Neither a biter nor a barker be

Neither a biter nor a barker be

“My God, there’s a dingo in the café! Run, run!”

A woman with a baby clutched tightly to her breast rushed out of the Brushtail Café, pushed past me, scurried down Werrong Lane, and disappeared around the corner into Sydney Street.

The whole world’s mad I thought, as I strolled into the café. First they let Nick Greiner head up Infrastructure NSW and now this.

But there was, indeed, a dingo. Or what appeared to be one. A rather appealing cream-coloured beast sat meekly behind the bar next to Joadja.

“Nick, meet Master Jesse Kelpie-Dingo,” she said.

“Ah … Hi, Jesse.”

“What’s the story?” I asked Jo as she passed me a cider.

“It’s a shocking example of mission creep. I started off with the intention of getting a small middle-aged female dog and I ended up with a year-old male dingo.”

“Yeah, that does sound like the Afghanistan intervention. Didn’t you go down to the pound to check it out?”

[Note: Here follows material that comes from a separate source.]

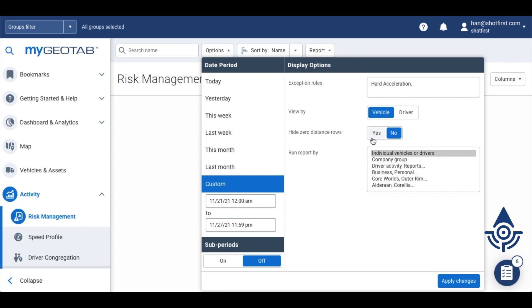Hiding zero distance rows will eliminate any vehicles or drivers with no data for the specified time period, and you can run this report by group if you'd like. But we're going to leave it to run by individual vehicle or driver. Click apply changes.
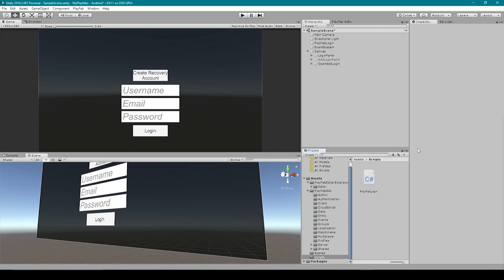Welcome back to Infogamer. In this lesson, we're going to continue on with our PlayFab tutorial series. In the last lesson, we showed you how to authenticate players on different platforms, such as Android and iOS. In this lesson, we want to talk about player statistics and a little bit of cloud saving.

“That’s not how we do things in the brave new World Wide World. The pound was in West Wyalong and the nice pet rescue lady I dealt with was on the Gold Coast. The game plan started to slip when I decided on a lovely young female kelpie called Rosie but then the website went down for a couple of days and when it came up again, Rosie had been put down and I was shattered and the lady emailed a picture of Dingo here, chained to a cyclone fence said why don’t you take this lovely little lady called Jessie. But then when Jessie went to the vet in Wagga to be desexed and microchipped they, um, noticed that Jessie was a male with an amateur desexing job and Jessie became Jesse. He’s a year old. Isn’t he lovely!”

“Great Mother of Darwin”. I said, “He’ll outlive us both. But isn’t it illegal to keep a dingo?”

“Ah, says on his papers that he’s a kelpie-labrador cross.”

“If he was part lab, he’d have flop ears and be fat already. Why a dog? You know us possums don’t get on with dogs.”

“It’s time you forgot about your father’s death,” said Jo. “All that was a long time ago, and anyway, they were greyhounds.”

“True. But historically, dingos and possums didn’t exactly get along either.”

“Aw, give the poor bastard a break. You speak a bit of dog. Try talking to him.”

Jesse came around the bar wagging his tail cautiously, sat at my feet, and licked my paw respectfully.

“Pleased to meet you,” I said, in broken Dog. “How did you end up in the pound?”

“Wayne pulled up at the Shell Wyalong Truck Stop – the one before town, on the highway – and he went to the eatery and I walked out to the paddock for a piss when I got back he was gone. I fucked up, I’m afraid.”

“Sounds more like the bastard dumped you,” I said.

“No, Wayne would never have done that.”

Just then Bruce and Tarkis from the advertising agency walked in.

“Hey, you’ve got a dingo!” Bruce said.

“Not exactly,” said Jo “ I think he’s a kelpie-dingo cross. All kelpies are part dingo. Anyway, officially, he’s a kelpie-lab cross.”

“We’re going to spend the rest of our lives explaining that,” I muttered.

“Nah, he’s a dingo for sure, what do you call him, ‘Tony Abbott’?” Tarkis guffawed.

“What did he say? What did he say?” Jesse asked.

“He said you look like a mean and brainless attack dog.”

“I do not! I am a working dog of noble breed. The dingo is on my father’s side and from Kosciuszko too. Neither a biter nor a barker be – that’s what my mother taught me. She was quoting The Bard you know.”

“Polonius. Hamlet, Act 1, Scene 3,” said Old Possum, who’d just strolled in for lunch and who spoke Dog quite well. “But surely an Orson Welles rewrite. Are you a Dingo?”

“Kelpie on mum’s side. She was a great fan of Orson’s work”, said Jesse.

“Was Wayne into Shakespeare?” I asked, knowing the answer.

“Not Wayne. Mostly he played those noisy violent computer games, and he read Robert G. Barrett sometimes.”